Datadog's $1bn investment in unifying data silos
Fri, 20th Mar 2026
"In today's incident response world, it's sheer chaos," Datadog's CPO told its Sydney Summit, where the company unveiled a new Gen-AI tool to automate incident detection, diagnostics and remediation.
"We're in the business of breaking down silos and solving complexity," Chief Product Officer Yanbing Li said at the Datadog Summit on 17 March.
Amidst the exponential growth in cloud spend, she suggested that AI is enhancing the capabilities of software businesses rather than threatening their viability.
"Many of you are probably worried about the AI disruption to Saas businesses and what's going to happen to them. The interesting truth is, all today's modern AI companies actually use Datadog as a way for them to observe their system end-to-end and to power their exponential trajectory… they teach us how to stay at the frontier of the technology," Li said.
$1 billion investment
In 2025 alone, Datadog claimed its R&D spend surpassed the $USD1 billion mark, with the company continuing to reinvest 30 per cent of revenue back into R&D.

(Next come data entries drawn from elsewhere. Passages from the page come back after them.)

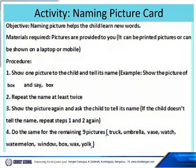Show one picture to the child and tell its name. For example, show the picture of a box and say 'box'. Repeat the name at least twice. Show the picture again and ask the child to tell its name. If the child does not tell the name, repeat step one and two again. Do the same for the remaining nine pictures.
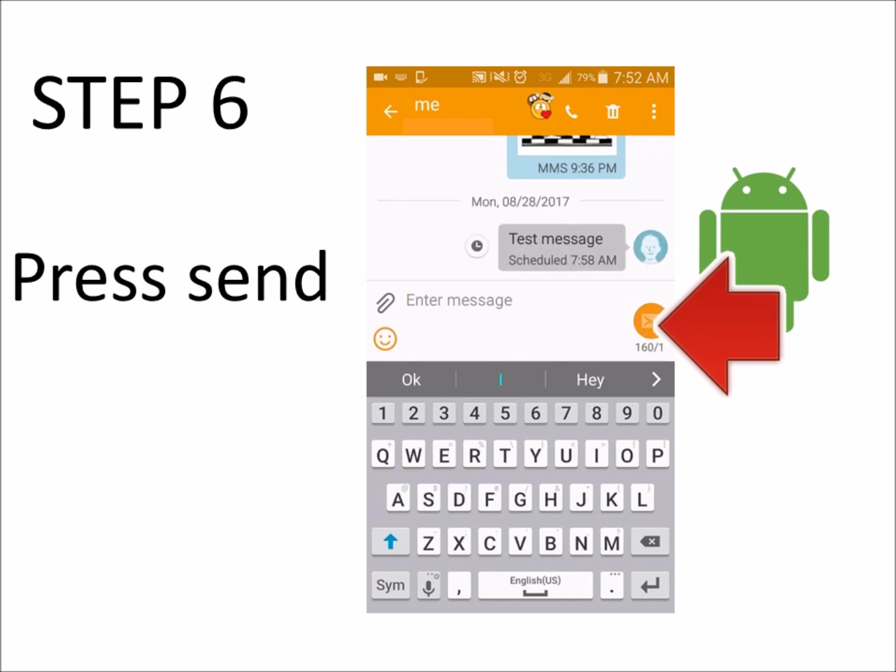Next, press Send. As you can see, the message is grayed out with a timestamp letting you know when your message will be sent.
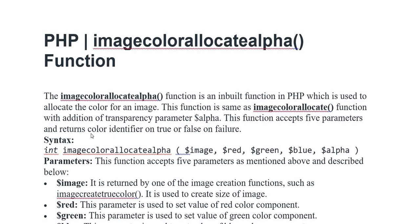This function is same as imagecolorallocate function with addition of transparency parameter alpha. This function has five parameters and returns color identifier on true and false on failure. The syntax is: int imagecolorallocatealpha with parameters image, red, green, blue, and alpha.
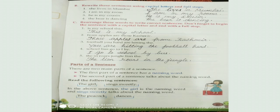Last question: 'The in roars jingle lion.' The answer is 'The lion roars in the jungle.' Write 'T' in capital and put a full stop at the end. Thank you.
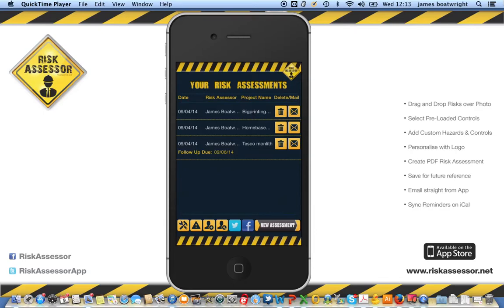Thank you for checking out the Risk Assessor app video. On the home screen you'll see all the saved risk assessments that you've carried out previously, listed by date, the risk assessor, the project name, and you've got the opportunity to delete or email each individual PDF assessment. You'll also see the follow-up due date highlighted in yellow. Every assessment asks if you need to do a further assessment, and if so, it will ask you to select a date and automatically set a reminder that syncs to your calendar on your device.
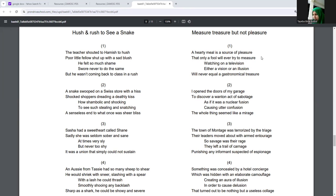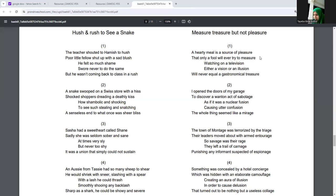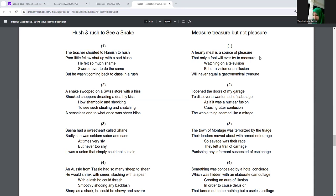Watching on a television, either a vision or an illusion, will never equal a gastronomical treasure. I opened the doors of my garage to discover a wanton act of sabotage. As if it was a nuclear fusion causing utter confusion, the whole thing seemed like a mirage.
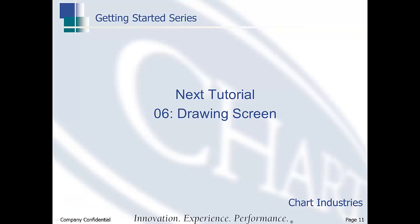This concludes our tutorial on how to qualify designs. The next tutorial in this series will be on the drawing screen.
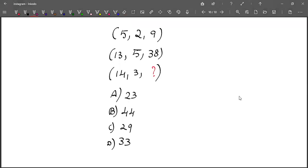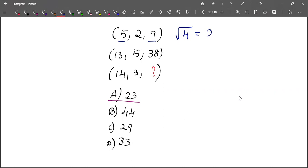The answer for this question is 23. See, 5 and 9 — the difference is 4, so you take the root: root of 4 is 2, which is this.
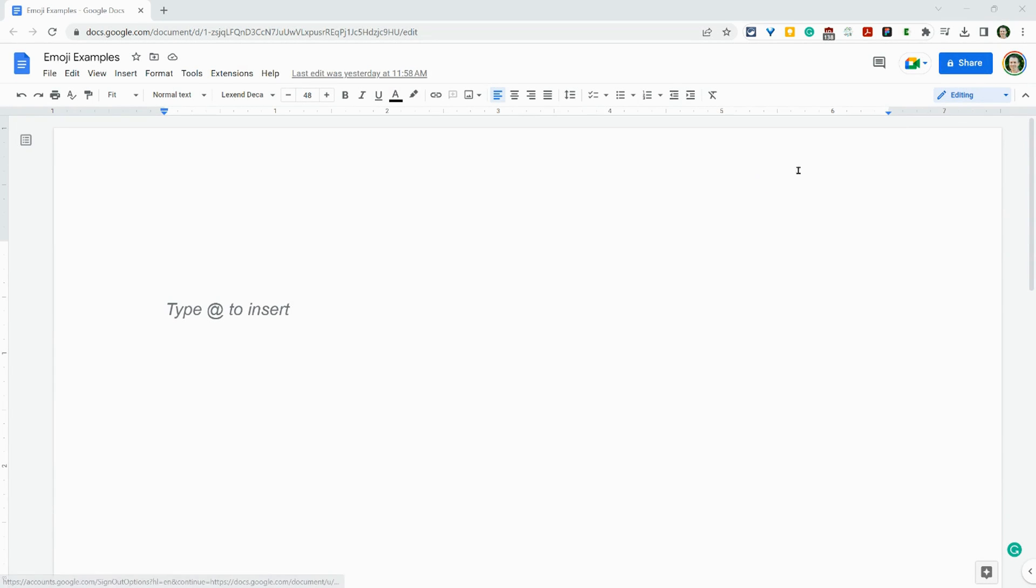Hi, I'm Tom Mullaney. I'm here today to show you how to add emoji to your Google Docs. So in Google Docs, there's a couple of ways. Let's start with some of the longer ways.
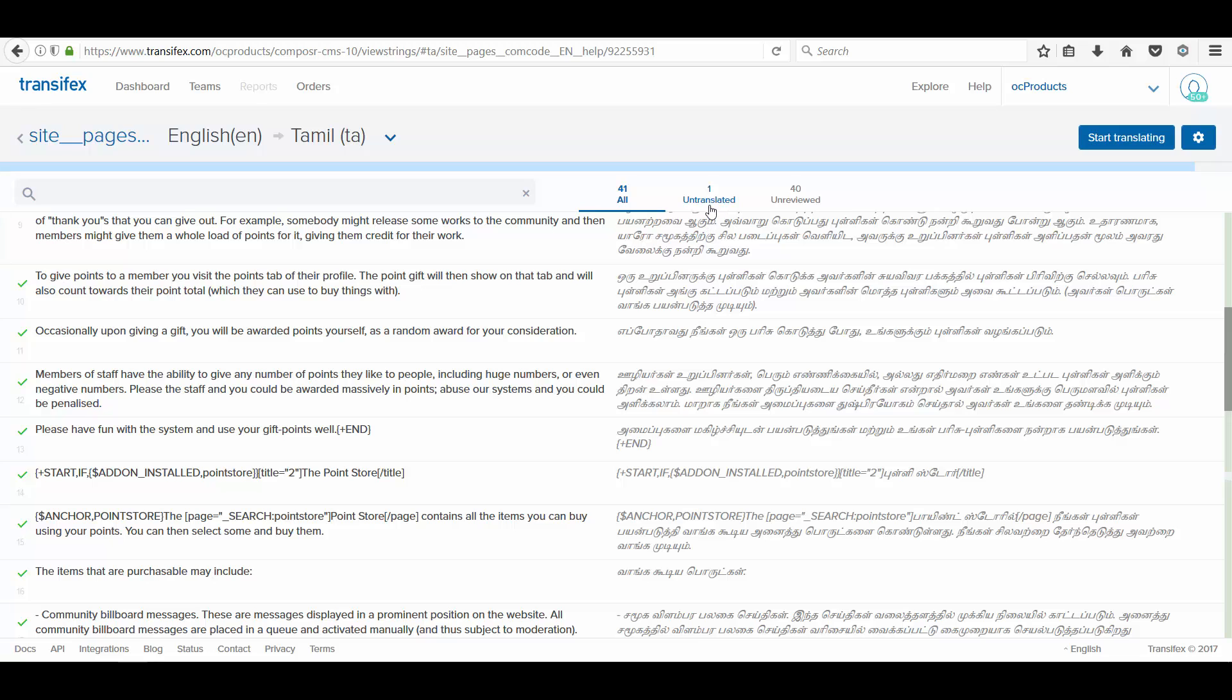In the filter, you can see that one string is yet to be translated and 40 are unreviewed. Unreviewed are the strings that are completed translation. A person can review the strings whether it is correct so that he can approve it.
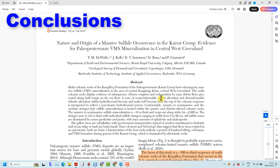My conclusion is that the paper is a model driven paper that presents only data that supports their predetermined interpretation — that is the syn-genetic VMS interpretation. This is an example of a long tradition of model driven syn-genetic papers published in Economic Geology and other leading journals, and they have been published since the 1960s.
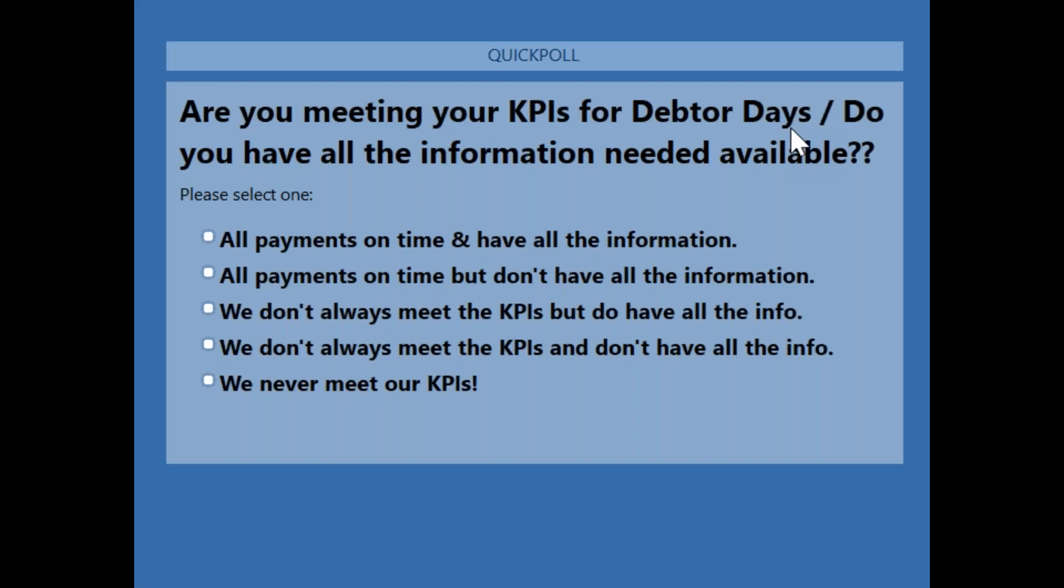Just before we actually do the demo, I'd like to launch a poll just to find out how difficult you currently find meeting your KPIs for debtor days. I'm going to launch the poll now, and if you wouldn't mind putting in your answer, that'll be great. At the moment, it seems a bit of a split between we don't always meet our KPIs but we have all the information, and we don't always meet our KPIs and we don't have all the information. So now I'm going to hand over to Ian to do the demo.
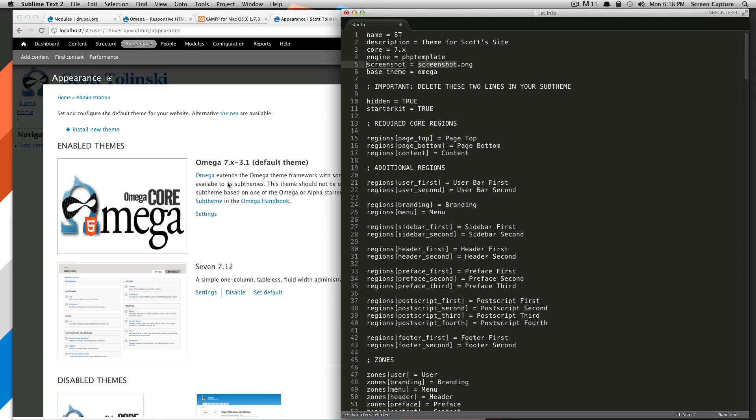We don't need to change any of this. If we want to give it a screenshot in the admin, which we probably will once the theme is finished, we'll change that here. And then, of course, the base theme is Omega.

Li noted this investment is being directed into five priority areas: AI-led productivity gains, infrastructure optimisation, connected front and backend visibility, security, and support for developers.

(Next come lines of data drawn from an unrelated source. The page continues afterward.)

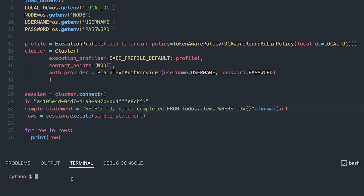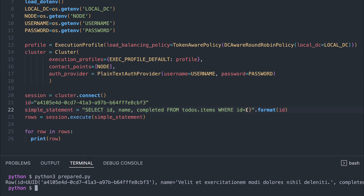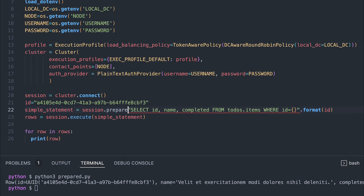So let's see some code and see how this actually works. I'm using some simple Python code here. As you can see, I'm just selecting ID, name, and completed from the to-do's keyspace and the items table. I'm looking for data with a specific ID. I'm using the format function to pass ID as a parameter to my query, but my query is just a query string — this is a simple statement. In order to turn this into a prepared statement, I will need to use session.prepare to prepare the statement.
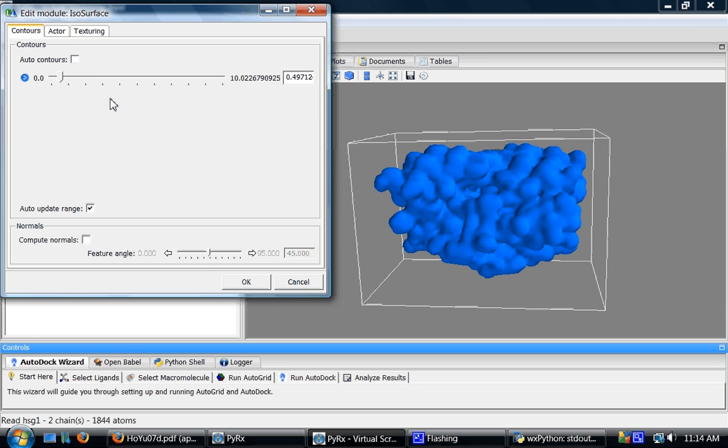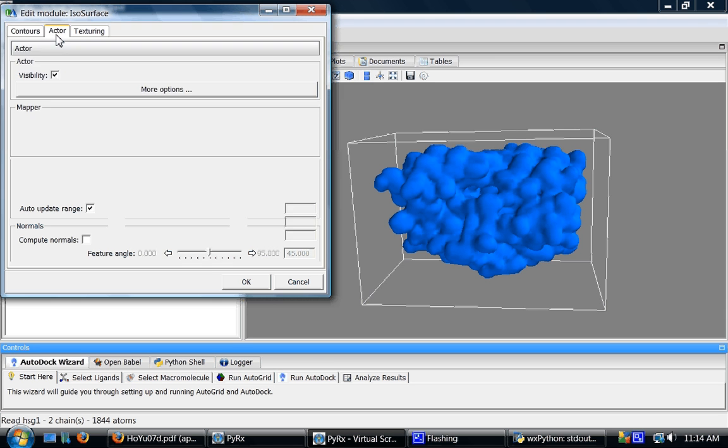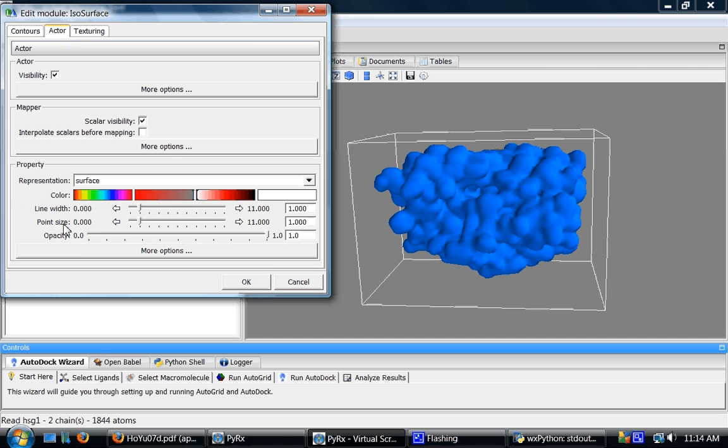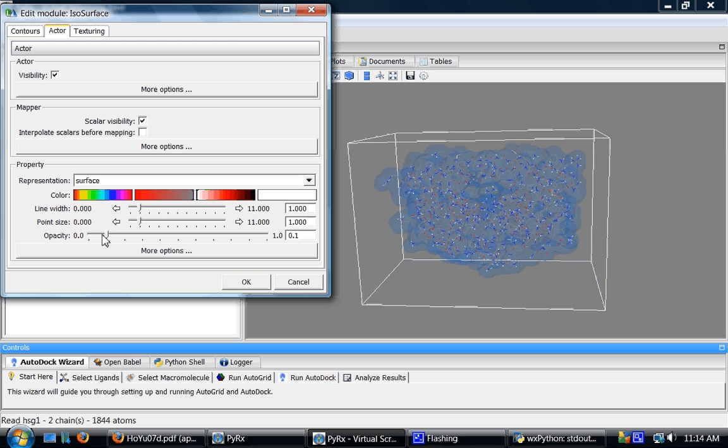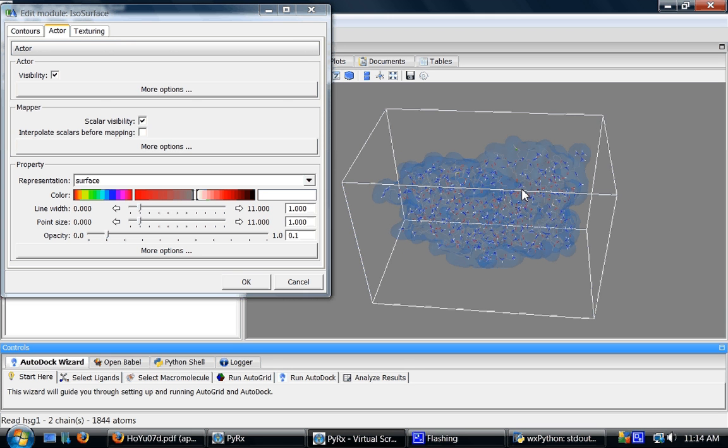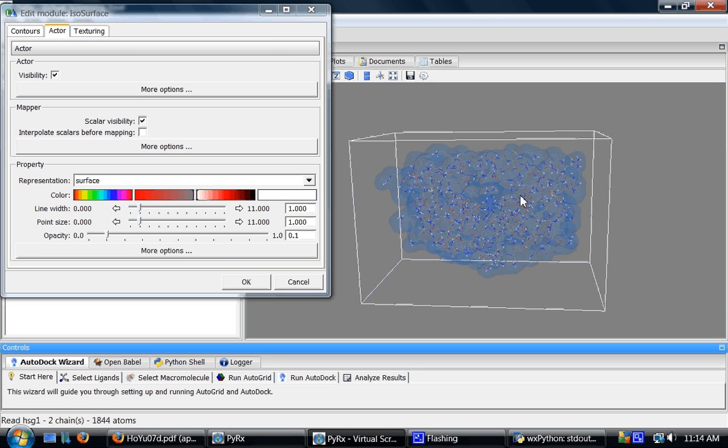Another interesting parameter to play with under actors tab is this opacity slider. You can lower its value and it will make the surface transparent so that you can see atoms underneath this surface.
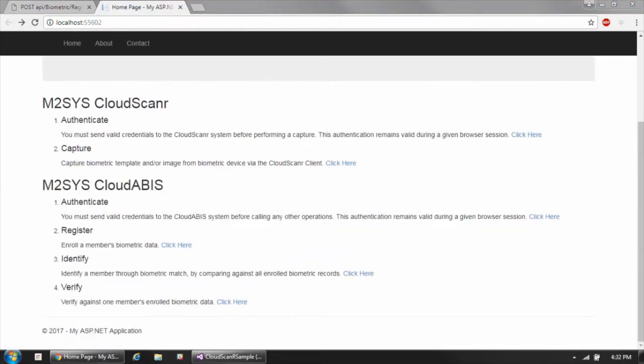There are two main types of operations in the Cloud ABIS API. The first is authenticate, and then there are the various different biometric operations. Authenticate is basically authenticating to the API — you need to do this once at the beginning of your application session, and once authenticated, you can make multiple different biometric calls during that session.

Part of this investment went into building its Bits AI SRE, the company's generative AI-powered engineer designed to streamline incident detection and remediation.
"When an incident happens, you gather a large number of people. Most of the people are still trying to piece together basic information; most people only have partial knowledge of the system or the services or the infrastructure or the business process. It's really difficult to bring that altogether and come to a quick resolution," Li said.
"What's interesting also is that most of the people attending those war rooms are far more motivated by proving it's not their problem versus actually finding the problem."
In a bid to address this bottleneck, Datadog has integrated Bits AI SRE across its entire platform, where it is capable of autonomously flagging potential incidents, investigating the root cause and proposing relevant code fixes, then using the learnings from each investigation to improve future accuracy.
Datadog is also moving from static thresholds to anomaly detection, where the LLM adapts to seasonal patterns and issues alerts only when abnormalities arise, with the aim of reducing 'alert fatigue' among staff.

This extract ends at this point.